Sítio Igreja Açores - É comummente aceite que um padre, neste
caso, um diácono deve andar com a Bíblia numa mão e o jornal na outra, para que
a Palavra encarne na realidade e transmita uma mensagem atual. Está preparado,
ou melhor, neste tempo de estudos do Seminário preparam-no para isso?
Pedro Lima -
O Seminário prepara-me com toda a bagagem teológica para compreender a Palavra
de Deus, com todo o seu contexto e interpretação. Porém, o conhecimento da
realidade é um pouco de trabalho pessoal, dado que cada seminarista vive neste
mundo e deve fazer a ligação daquilo que aprende com a sua resposta na
sociedade e na vida de cada pessoa. A grande tarefa do padre é apresentar o
Evangelho e a pessoa de Cristo como proposta actual para hoje. É como ouvi uma
vez alguém a dizer: “soluções de hoje para problemas de hoje”.
Sítio Igreja Açores - O Seminário é também, em certa medida, uma
escola de vida, com uma formação pluridimensional. Volvidos seis anos, que
recordações transporta desta casa?
Pedro Lima -
Recordo com alegria a amizade dos colegas que foram passando por esta
instituição. Uma das riquezas de estudar no Seminário de Angra é sermos de
diferentes ilhas, com tradições e culturas diversas, que permite conhecer o
arquipélago numa perspetiva diferente. Quando somos mais novos temos sempre
algum elemento de referência e por isso recordo como modelo os meus colegas
mais velhos. Entre tantas outras que ficam na memória, destaco as várias
atividades que realizámos no agrupamento de escuteiros e na conferência
vicentina, um teatro que preparámos para os 150 anos do Seminário e o carinho
das pessoas nas várias paróquias da Terceira, por onde colaborei.

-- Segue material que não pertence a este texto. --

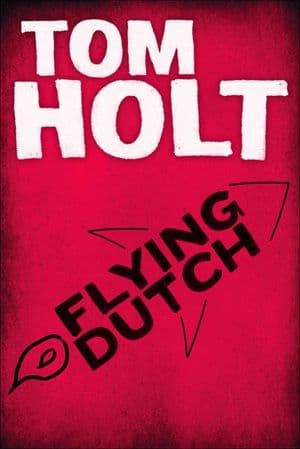 Buy Flying Dutch at Amazon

Sítio Igreja Açores - Se lhe propusesse um exercício de pastoral
vocacional em poucas linhas, que mensagem deixava aos jovens, faialenses, da
sua terra e aos açorianos em geral, para os cativar para esta missão?
Pedro Lima -
Vocação é uma questão de felicidade e decisão. Decidir seguir mais de perto o
exemplo de Cristo é uma grande aventura. Implica arriscar, escolher, optar,
confiar e, sobretudo, amar. Nunca esquecendo que o sinal mais visível do amor é
a Cruz, a entrega o viver para o outro.